Hagen. . „Hallo Babys - Willkommen in Hagen“ lautet das Motto unserer Weihnachtsaktion. Gemeinsam mit der Caritas unterstützen wir die Arbeit von Familienhebammen in bedürftigen Familien, die Nachwuchs erwarten oder schon haben. Ein Gespräch mit Dr. Gerhard Koch, Chefarzt der Kinderklinik am Allgemeinen Krankenhaus Hagen, über frühe Hilfen, Hebammen und veränderte Familienstrukturen.
Frage: Weihnachten ist das Fest der Geburt. Warum ist gerade die erste Zeit danach so wichtig?
Koch: Die Geburt ist ein einschneidendes Ereignis. Die ersten Jahre danach prägen das Schicksal möglicherweise lebenslang. Unter dem Aspekt, dass wir heute 90 Jahre alt werden, müssen wir uns auf die ureigensten Bedürfnisse besinnen. Auf die Zuwendung der Eltern. Aber auch auf eine Ernährung, wie sie die Natur optimiert hat. Gekaufte Nahrung ist Fast Food fürs Baby. Super wäre es daher, wenn Mütter vier bis sechs Monate voll stillen und die Beikost selbst kochen. Diese Chance sollten wir nutzen. Das geht nur über die Hebammen als Multiplikatoren.
Frage: Inwiefern können frühe Hilfen und insbesondere die Hebammen dazu beitragen?

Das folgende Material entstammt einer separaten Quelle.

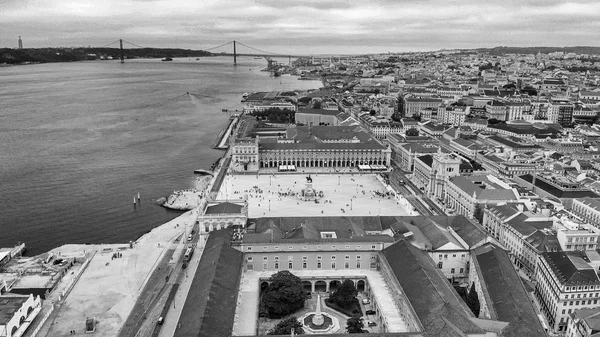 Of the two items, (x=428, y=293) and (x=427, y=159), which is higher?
(x=427, y=159)

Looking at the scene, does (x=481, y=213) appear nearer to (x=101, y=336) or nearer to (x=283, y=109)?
(x=101, y=336)

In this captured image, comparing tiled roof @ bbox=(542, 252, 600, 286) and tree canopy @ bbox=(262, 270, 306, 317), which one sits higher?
tiled roof @ bbox=(542, 252, 600, 286)

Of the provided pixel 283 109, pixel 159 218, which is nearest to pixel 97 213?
pixel 159 218

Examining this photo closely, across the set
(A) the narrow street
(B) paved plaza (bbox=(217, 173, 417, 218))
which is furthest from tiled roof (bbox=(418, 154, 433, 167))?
(B) paved plaza (bbox=(217, 173, 417, 218))

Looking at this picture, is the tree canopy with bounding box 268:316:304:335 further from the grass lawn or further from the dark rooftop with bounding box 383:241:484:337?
the dark rooftop with bounding box 383:241:484:337

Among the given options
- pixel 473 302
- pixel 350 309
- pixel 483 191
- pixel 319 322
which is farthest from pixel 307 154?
pixel 319 322

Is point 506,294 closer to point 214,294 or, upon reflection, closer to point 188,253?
point 214,294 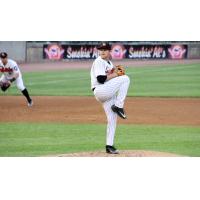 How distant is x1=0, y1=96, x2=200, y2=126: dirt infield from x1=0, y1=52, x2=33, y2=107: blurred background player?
0.51ft

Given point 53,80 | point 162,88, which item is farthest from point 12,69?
point 162,88

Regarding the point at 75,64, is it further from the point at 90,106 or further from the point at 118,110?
the point at 118,110

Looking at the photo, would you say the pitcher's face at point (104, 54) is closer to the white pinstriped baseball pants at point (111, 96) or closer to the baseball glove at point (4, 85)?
the white pinstriped baseball pants at point (111, 96)

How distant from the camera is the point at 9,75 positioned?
906cm

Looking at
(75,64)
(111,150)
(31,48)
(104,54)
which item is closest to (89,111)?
(75,64)

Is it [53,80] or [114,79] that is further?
[53,80]

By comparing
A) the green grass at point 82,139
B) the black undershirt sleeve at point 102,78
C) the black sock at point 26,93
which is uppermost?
the black undershirt sleeve at point 102,78

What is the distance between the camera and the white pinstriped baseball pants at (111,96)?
834cm

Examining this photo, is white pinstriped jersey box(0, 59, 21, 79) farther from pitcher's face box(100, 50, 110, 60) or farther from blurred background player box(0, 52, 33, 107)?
pitcher's face box(100, 50, 110, 60)

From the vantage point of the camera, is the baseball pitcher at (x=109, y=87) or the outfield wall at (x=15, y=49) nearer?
the baseball pitcher at (x=109, y=87)

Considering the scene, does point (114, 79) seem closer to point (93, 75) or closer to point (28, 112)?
point (93, 75)

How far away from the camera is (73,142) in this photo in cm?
862

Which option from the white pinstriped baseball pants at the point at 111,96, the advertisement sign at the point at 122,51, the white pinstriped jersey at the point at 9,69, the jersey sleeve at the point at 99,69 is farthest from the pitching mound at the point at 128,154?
the white pinstriped jersey at the point at 9,69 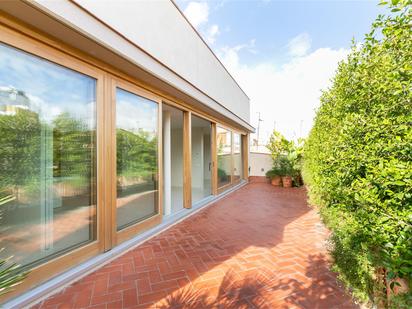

Koch: Eine Frau bekommt im Schnitt nur noch ein Kind und kann daher die erforderlichen Fertigkeiten nicht üben. Früher lagen Mütter nach der Geburt mit ihrem Kind eine Woche bis zehn Tage im Krankenhaus und konnten angeleitet werden. Heute geht alles hop hop. Da brauchen Frauen auch zu Hause fachlichen Zuspruch. Es ist super, dass es da die Hebammen gibt. Sie genießen hohes Vertrauen, sind Partner der Familie und eine gute Informationsquelle für die Eltern. Wir waren daher sehr traurig, dass die Stadt die Finanzierung der Familienhebammen gestrichen hat. Erfreulicherweise sind Caritas und Diakonie eingesprungen.
Frage: Auch die Elternschule am AKH will Eltern Grundfertigkeiten vermitteln, damit diese ihr Kind gut versorgen können. Erreicht man auch benachteiligte Familien?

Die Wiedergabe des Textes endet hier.